No one or one company should have the lions share..
How can they say their program would be bad if it got into the wrong hands? Who tells them what to do and how to use it? Who are they to say they are the powers of good and all the rest are evil? They themselves.
It reminds me of George Orwel and Animal Farm
All animals are equal but some are more equal than others!
While lambasting the industry via comments to the SEC, please remember to also pick out the "dark pool" as being unfair, preventing price discovery, creating an un-level play field, etc.. In fact, a careful reading of the white paper suggests that "pinging" orders are a response to the "dark pool" trend.
I suspect HFT began as a simple bid-ask spread taker (the life-blood of the market-making industry), evolving as a result of competition; to the point where, indeed, there is at least an appearance of automated front-running.
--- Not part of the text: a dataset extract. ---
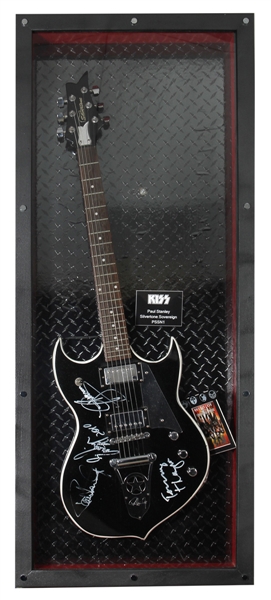 KISS Paul Stanley Custom Silvertone Sovereign PSSN1 Model Guitar Signed by Band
Having said that, what part of HFT would you regulate out of existence ? The slope seems slippery.
I got pretty close to my asking price on everything. My wife handled the sales and cash while I stood in the back bidding against the buyers. Of course I got stuck with some of it but the really good news is that I printed the money to make those purchases… so I have all the money I was counting on and can sell the rest of the stuff in the garage at a later date (and in the same way!).
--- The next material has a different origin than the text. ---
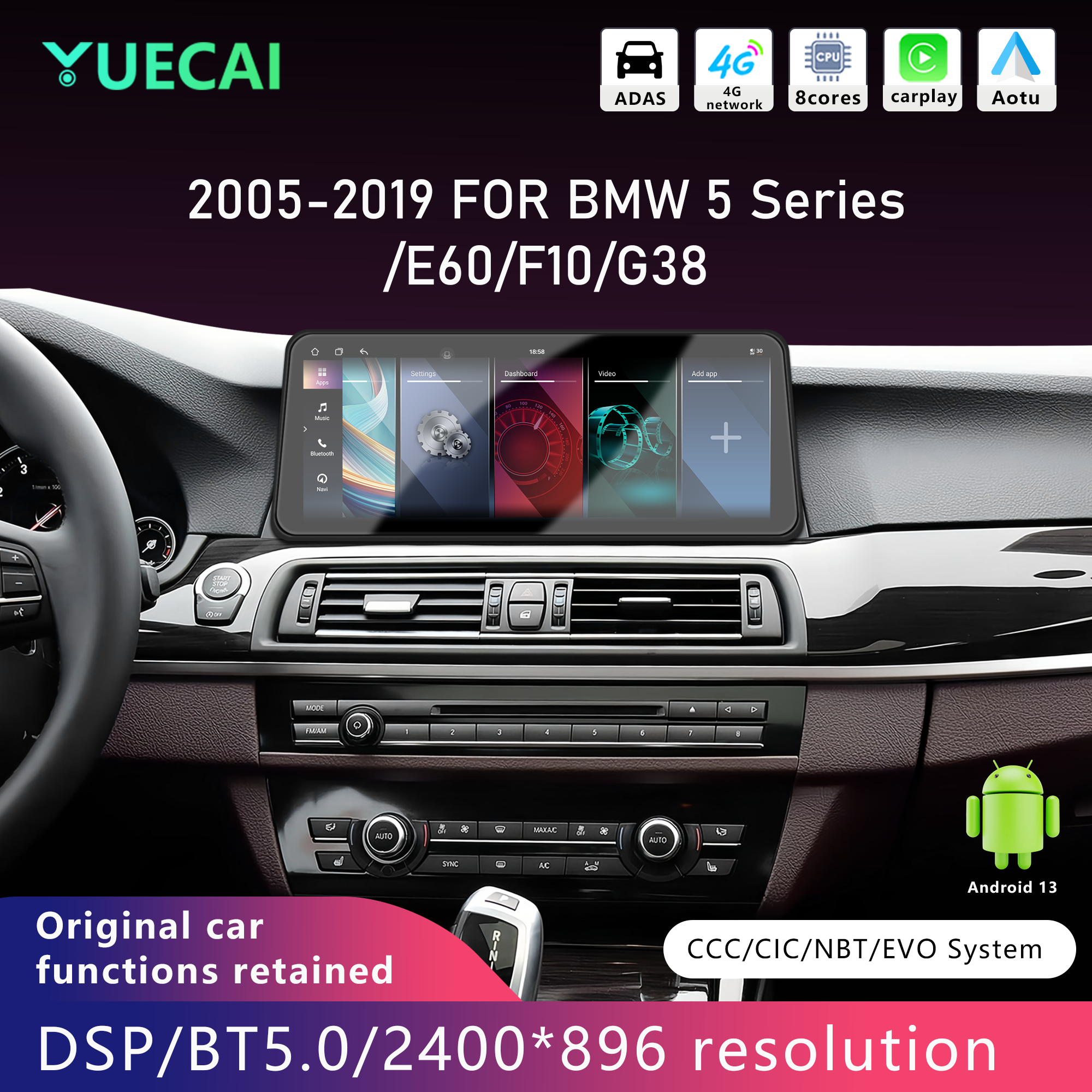 12.3inch OLED Android Touchscreen Car for Player with Frame & Harness for for BMW 5 Series/G382018-2019 Complete Set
Some folks think it isn't fair to compete in my own sale or to print the money to buy my own stuff back, but hey the govt does it at their auctions. Maybe you also think it is not fair to not just have a reserve price that is stated, in case I don't think I am getting a fair bid – well, the govt doesn't do that either… and it is a govt of the people, by the people, and for the people (and I am just a peeps, too).
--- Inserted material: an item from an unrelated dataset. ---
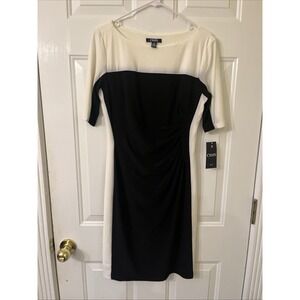 CHAPS Women's Colorblock Sheath Dress Black & White‎ Cream Medium $95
True, printing money has the effect of devaluing the currency but most everybody thinks deflation is a bigger problem…. and even the govt thinks it will be years before prices start increasing, so I am willing to help out there.
Somehow I am not being afforded the same protection as the govt, as I can have my books audited and be prosecuted for fraud and counterfeiting. Time to have the laws changed to level the playing field, I think. Heck, if the Federal Reserve can't be audited (and they aren't govt either), why should I be?
Five Trillion would be a real challenge for me -- a lot of Hundred Dollar bills.... but we know know that $1.34 Trillion in bonds will fit in the false bottom of a suitcase.
Problem solved!
How do you think the interest rates were bid so low last week?? Good demand for bonds:-) Bet the govt was providing a lot of the demand.
He** YEAH. Especially if I'm a politician that knows that this is all THOSE PEOPLE'S fault and the peasant serfs in my congressional district are typical `mericans; meaning superstitious, semi-literate, and angry at THOSE PEOPLE who RUINED EVERYTHING. Throw in Faux News stirring up the morons and you can't lose. So grab yer guns - and your woman-folk - because we're all gonna be in a fascist paradise in about 5 years.